Don Witold Burda, postulatore della Causa di beatificazione e sacerdote dell’Arcidiocesi di Przemyśl dei Latini, ha affermato a Radio Vaticana – Vatican News il 21 dicembre 2022: «La Chiesa è piena di argomenti teologici che ci hanno aiutato, per dimostrare ai teologi del Dicastero delle Cause dei Santi, che, anche quel bimbo non nato, senza battesimo né nome, può̀ essere considerato martire per la fede di Cristo».
Ma andiamo con ordine. I membri della contadina famiglia Ulma sono conosciuti come “I samaritani di Markowa”, in quanto, mossi dal comandamento evangelico dell’amore per Dio e per il prossimo, furono trucidati dai nazisti per aver dato rifugio a otto ebrei durante la sistematica deportazione verso i campi di concentramento di questo popolo. Da allora ogni anno migliaia di pellegrini si recano alla loro tomba ed ora saranno innalzati all’onore degli altari nell’ex luogo di residenza di famiglia, a Markowa, nell’Arcidiocesi di Przemyśl, con una celebrazione presieduta dal cardinale Marcello Semeraro, prefetto del Dicastero per le Cause dei Santi, e proprio in questo paese è presente un monumento che ricorda il loro sacrificio.
La cristiana famiglia viveva in questo villaggio posto nel sud-est della Polonia ed era composta dal padre Józef di 44 anni, dalla madre Wiktoria di 32 anni e da sette figli: Stasia di 7 anni, Basia di 6 anni, Władziu di 5 anni, Franio di 4 anni, Antoś di 3 anni, Marysia di 2 anni e dal piccolo custodito nel grembo materno. Un giorno decisero di nascondere nella loro casa otto ebrei, fra cui anche dei minori, e questa fu la loro condanna a morte.

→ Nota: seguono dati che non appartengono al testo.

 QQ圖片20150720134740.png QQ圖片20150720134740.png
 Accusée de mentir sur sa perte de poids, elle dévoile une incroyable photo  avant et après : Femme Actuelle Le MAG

Una voce delatoria arrivò ai nazisti e così il 24 marzo 1944 la dimora degli Ulma fu accerchiata e immediatamente vennero uccisi tutti gli ebrei presenti nel solaio; mentre Józef e Wiktoria furono portati fuori dalla casa e freddati davanti ai loro figli e a diversi abitanti del luogo, costretti ad assistere a quell’orrore, poi fu la volta degli spari diretti a tutti i sei bambini. La scrittrice polacca Maria Elżbieta Szulikowska, che ha dedicato una biografia a Wiktoria Ulma, dopo un pellegrinaggio sulla tomba della famiglia nel cimitero parrocchiale di Markowa, ha scritto di lei in una poesia: «Il suo sguardo luminoso potrebbe fare invidia alle femministe». A rendere questa storia per il momento unica nel suo genere è la decisione relativa alla beatificazione anche del nono Ulma. Tale questione, vista la sua complessità e gravità, è stata sottoposta durante l’iter del processo di beatificazione, iniziato nel 2003, ad una lunga e scrupolosa analisi, partendo dalle testimonianze raccolte nel corso del tempo. A confermare che Wiktoria quando morì era in attesa di un bimbo, sono stati coloro che, alcuni mesi dopo l’eccidio, diedero una bara per ciascuna delle vittime. Riesumandole si constatò che il piccolo era parzialmente uscito dalla madre assassinata ed era morto al mondo con lei. La Chiesa definisce questa situazione “Battesimo del sangue”, versato dalla mamma, ma anche dalla sua creatura in odio alla fede.
Pertanto, il 10 settembre avremo un martire senza nome, ma con il cognome paterno della sua famiglia e realmente martire per mano dell’odio verso Cristo e verso i suoi testimoni.
Speriamo che questo “inedito” – il bimbo che vide la luce divina prima di quella terrena – possa far meditare molti sulla strage dei milioni di innocenti del nostro tempo che barbaramente vengono uccisi (per volontà di madri/padri e delle nefande leggi statali) se non in odio alla fede, sicuramente in odio alla vita umana, che per i credenti è sacra, perché dono di Dio Creatore.